I mean, what we’re aiming towards is likely months, not quarters of backlog. So again, back to what I was speaking to in the answer to the last question, we still see this team is like very focused on faster, better, stronger, and we still see like sequential improvements we’re going to continue to make that are going to allow us to digest that backlog or that pipeline, shall we say, we’re building a healthy pipeline and we’re trying to resist having as many customers as possible become backlogged. So we’re very focused on moving that through.

Ed Fenster

Management

I would say last year is the track record for that right? If you track through the quarters, I think at the peak, we were at about two quarters of backlog and we brought that down throughout the year and through tough work on finding the efficiency gains in the business. And as we transition more towards battery installations that we’re kind of bullish on our ability to find those efficiency gains there as well.

Joseph Osha

Analyst · Guggenheim Partners. Please proceed with your question.

Okay, got it. Thank you. And then my other question, given the talk about working capital, if I look at 2022, you guys did manage to put around $100 million or so of cash on the balance sheet.
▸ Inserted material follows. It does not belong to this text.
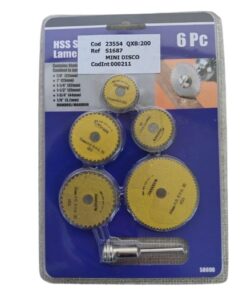 Hojas / Discos de Sierra para Carpintería y más x6Pcs en Blister 1er Nivel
Should we perhaps not expect to see that level of cash generation this year, given what I’m hearing?

Ed Fenster

Management

Yes. I think the unit level – I think we did the unit level cash walk, which moved by about $700 per customer. So a lot of the margin gain was also offsetting the interest rate increases. So we’re, I think, starting the year a little bit better off on a cash unit margin perspective. Certainly, we just talked about, I think the inventory, kind of the preparation for the run-up in volume will be consumptive from a working capital perspective. And as we travel through the year and transition and realize more higher-value projects we do expect the sequential growth in the unit margins, but we will see offsets from working capital through the year.

Joseph Osha

Analyst · Guggenheim Partners. Please proceed with your question.

Okay, thanks a lot. Thank you very much.

Operator

Operator

Our next question comes from Maheep Mandloi with Credit Suite. Please proceed with your question.

Maheep Mandloi

Analyst · Credit Suite. Please proceed with your question.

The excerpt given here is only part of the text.